We are excited to share several research papers on the Julia and Flux machine learning ecosystem, to be presented at the NIPS Systems for ML Workshop. Since initially proposing the need for a first-class language and ecosystem for machine learning (ML), we have made considerable progress, including the ability to take gradients of arbitrary computations by leveraging Julia’s compiler, and compiling the resulting programs to specialized hardware such as Google’s Tensor Processing Units.

Here we talk about these papers and the projects that have brought these to life, namely: Flux.jl [paper], Zygote.jl [paper] and XLA.jl [paper].

Flux.jl is a library that gives a fresh take on machine learning as it exposes powerful tools to the user in a non-intrusive manner while remaining completely hackable, right to its core.

“Careful design of the underlying automatic differentiation allows freely mixing mathematical expressions, built-in and custom layers and algorithms with control flow in one model. This makes Flux unusually easy to extend to new problems.”

Flux plays nicely with the entire Julia ecosystem, leveraging Julia’s multiple dispatch to make sharing types and data between Flux and many widely used array types transparent (eg. CuArrays for effortless translation of models and data to the GPU). It even lets users extend Julia’s compiler and write custom GPU kernels within the same program.

In the Flux paper, we demonstrate the ease with which one is able to take advantage of the underlying ecosystem to express ideas and complicated thoughts. One example is how Flux models can be learned with custom training loops that can house arbitrary logic, including more complex gradient flows than a typical machine learning framework might support.

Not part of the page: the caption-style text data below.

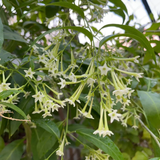 Raat Ki Rani, Raat Rani, Night Blooming Jasmine Plant (Cestrum Nocturnum) Flowering/Ornamental Live Plant for Home & Garden)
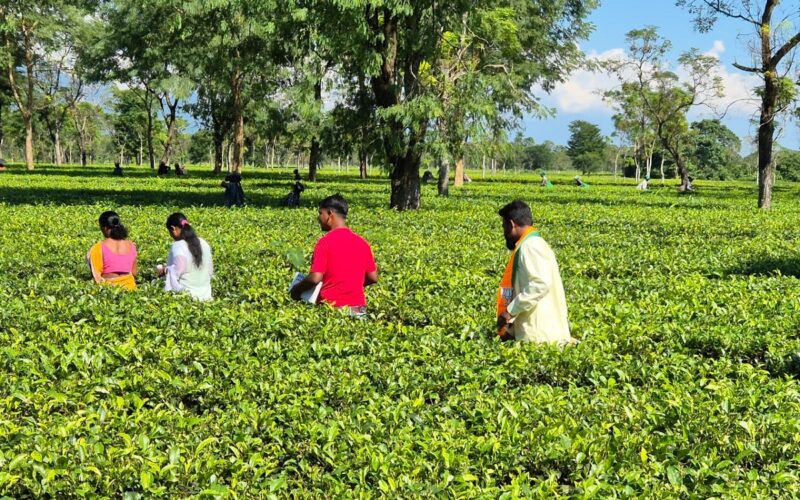 নির্বাচনী প্রচারের শেষ দিনে চা বাগানে প্রচার চালায় বিজেপি প্রার্থী রাহুল লোহার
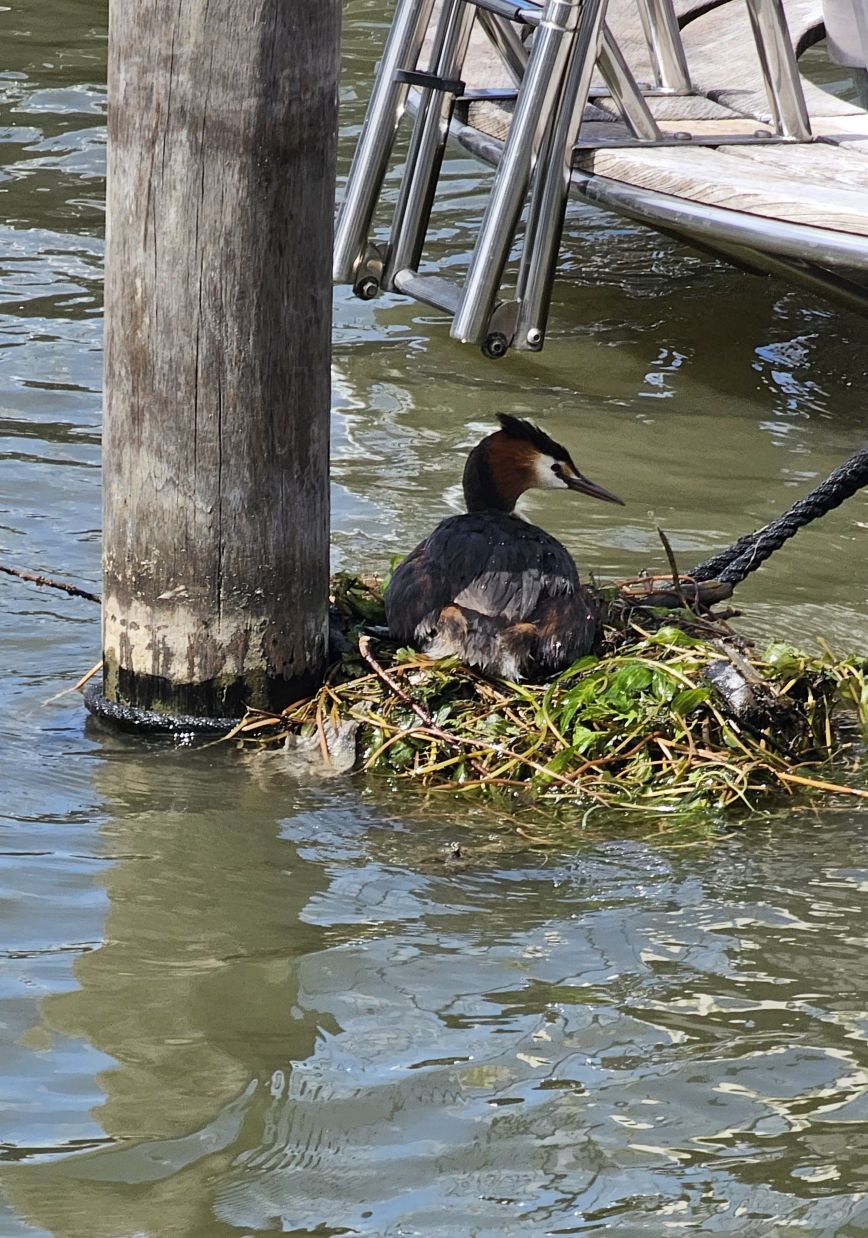 Broedende fuut in de haven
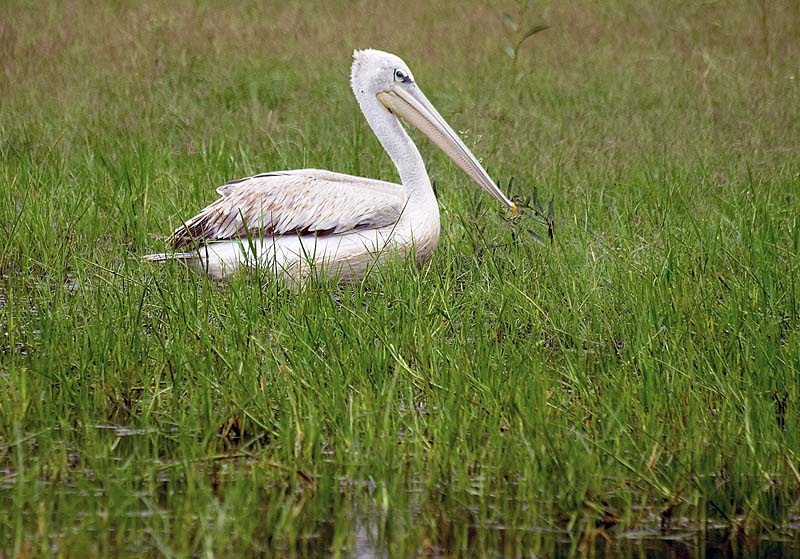 Pelican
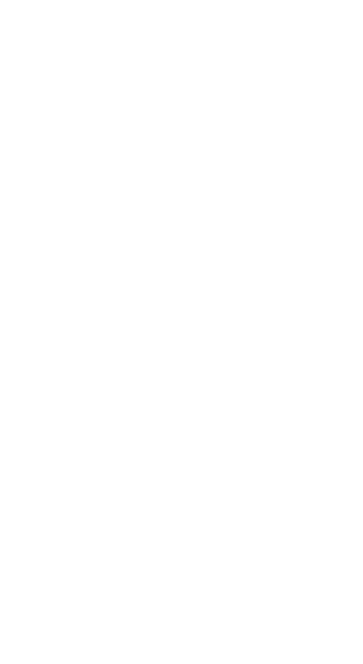 The company “Los Mulero” has worked in the following flamenco Show Rooms :Los Tarantos, El Carmen and El Palacio de Flamenco in Barcelona, La Quitapenas and El Flamenco in France, and Casa Patas, Corral of the Moreria or Cafe de Chinitas in Madrid.  The company has also performed in nightclubs like The Star (Andorra), Canela (Barcelona), La Masia de Tordera (Gerona), Palas of Salou in the casinos of Barcelona and Madrid, Spinho, Chaves, Portugal, in Canes France, in the Perla and Gransga Gora of Slovenia and in San Remo, Italy. In 1991 she plans and prepares groups for the cruise companies, Great Ships MSC, Grimaldi, Nina Cruises and Festival. From 1992 to 2009 she consecutively sends groups to all the Coast Cruises ships. In 1998 the company performs for the President of the United States of America, guest of an international convention of powerful businessmen.In 1999 the company “Los Mulero” is in charge of the Inauguration and the Closing of the global athletics in Seville, for the press and organizers. In 1999 and 2001 they inaugurate the Festival of San Remo. The Company acts in numerous events and conventions of great companies like Sony, or even for The Spanish Royal House. After its long trajectory in  Italian Cruise companies , the Company of “Los Mulero” is requested by the best American Cruise Companies of the moment like, Celebryty, Princess, Cunard, Crystal, Holland, Norwegian and starting in July 2009 will also be contracted for the Royal. 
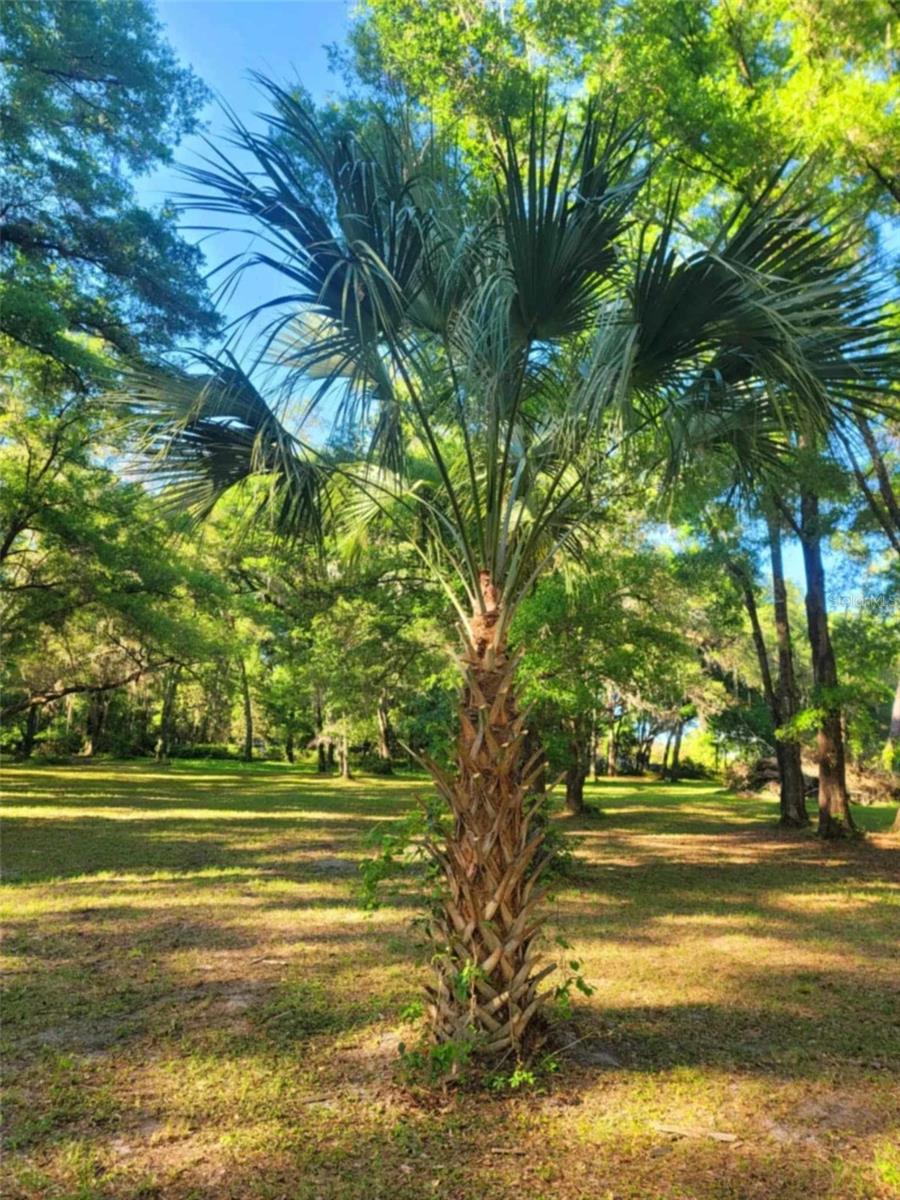 16244 NE 60TH ST, WILLISTON, FL, 32696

for x, c, d in training_set
c_hat, d_hat = model(x)
c_loss = loss(c_hat, y) + λ*loss(d_hat, 1 - d)
d_loss = loss(d_hat, d)
back!(c_loss)
back!(d_loss)
opt()
end


Flux.jl has been shown to run on par with contemporary deep learning libraries while being dramatically simpler, providing intelligent abstractions and maintaining a minimalist API.

Calculating derivatives is a recurrent and intensive task while training any large model, and compiler level optimisations for differentiable code have seen a recent surge in interest. Automatic Differentiation, a topic of much interest in the current ML landscape, can be used almost transparently when hooked into the language compiler.

Zygote.jl is one such example of doing source-to-source transformations of the Static Single Assignment (SSA) form, taking advantage of many of the recent improvements made to the base Julia compiler. Similar efforts such as Capstan.jl showcase an alternative application of these same compiler primitives toward automatic differentiation for different applications.

Zygote transparently generates adjoint code for arbitrary Julia functions, sacrificing neither speed nor the dynamism of the full Julia language. It interacts directly with Julia’s existing compiler and utilizes its full set of optimisation heuristics. It exposes a familiar interface, making usage extremely simple, as shown by the following example:

>>> @code_llvm derivative(x -> 5x+3, 1)
define i64 @"julia_#625_38792"(i64)
{ top:
ret i64 5
}


It enables reverse mode AD while preserving existing language semantics. The Zygote paper also presents some benchmarks for simple functions against contemporary methods.

“It opens up the opportunity for robust traditional compiler techniques to be extended to machine learning, enabling kernel fusion or compilation for accelerators with no artificial limitations on the kinds of models that researchers can express.
This combination has not previously been possible in a high-level, general-purpose programming language.”

XLA.jl, released recently shows the ability to repurpose the Julia compiler to target Google’s TPUs.

This package combines the simple and elegant Flux models, applies Zygote’s AD and offloads the entire forward and backward pass onto the TPU for the utmost speed, bringing the entire story full circle. The XLA paper details its methodology, using Google’s latest XRT API to compile Julia code to XLA IR. It explains how the forward and backward passes are generated, as well as handling things such as control flow and compiling dynamic Julia code down to static sub-segments for execution on the TPU.

“Targeting TPUs using our compiler, we are able to evaluate the VGG19 forward pass on a batch of 100 images in 0.23s”

XLA.jl is written in under 1000 lines of code, a truly impressive feat considering the opportunities it opens up. It also shines a light on the language’s expressive power.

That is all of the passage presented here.